Ernst Jüngers Sehnsucht nach dem ganz Anderen

STUTTGART. Ähnlich wie Walter Kempowski steht Ernst Jünger im Ruf, ein vorzüglicher Chronist, aber ein lausiger Romancier zu sein. Jüngers Talentproben auf diesem Feld, „Heliopolis“ (1949) und „Eumeswil“ (1977), gelten als traktätlich-lederne, handlungsarme und spannungsfreie Thesenliteratur. Insoweit gleicht die jüngste „Eumeswil“-Analyse des in den USA lehrenden Germanisten Peter Uwe Hohendahl einer Ehrenrettung (Deutsche Vierteljahrssschrift für Literatur- und Geistesgeschichte, 2/09). Hohendahl liest Jüngers romaneske späte Weltdeutung vordergründig als „Beschreibung der Postmoderne“, einer Epoche, die für ihn „keine geschichtliche Dynamik“ mehr besitze, „sondern einen flachen zivilisatorischen Endzustand“ erreicht habe. Der „politische Klartext“ dazu scheine „Jüngers Festhalten an seiner alten rechts-konservativen Position“ zu bestätigen und das Gesamtbild des Gegenaufklärers zu vermitteln. Auf den zweiten Blick glaubt Hohendahl jedoch zu entdecken, wie sich der Text solchen politischen Reduktionen entzieht.

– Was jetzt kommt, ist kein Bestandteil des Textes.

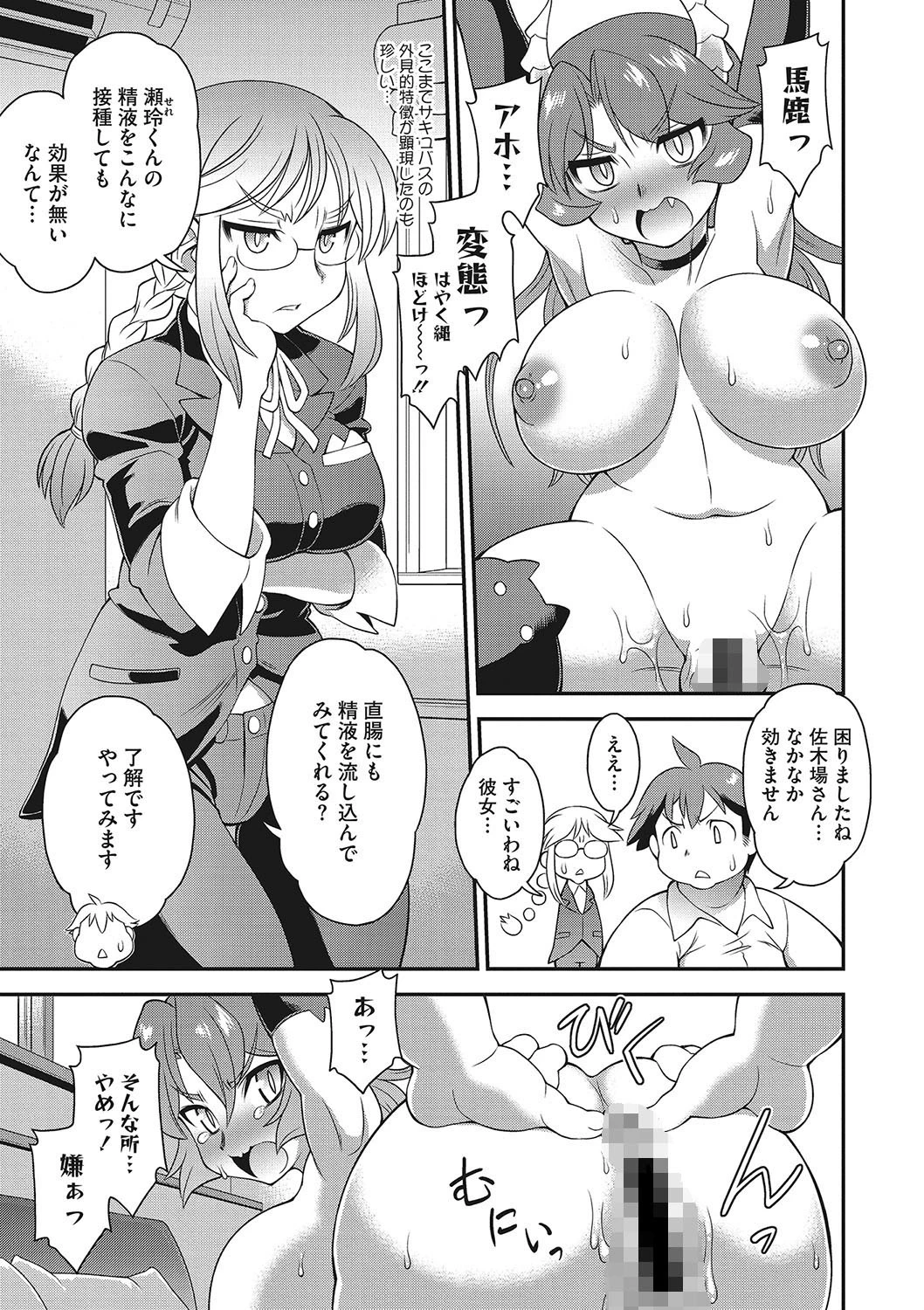 サキュバスばすたぁず（単話） 3ページ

Das „verborgene Zentrum“ von „Eumeswil“ sei „die Sehnsucht nach dem ganz Anderen, jenseits der mißlungenen Schöpfung“. Daher verzichte Jünger darauf, „für die Gemeinschaft der Menschheit in der Zukunft die Rettung zu suchen“, was sich auch als Abwendung vom „konservativen intellektuell-kulturellen Milieu“ verstehen lasse.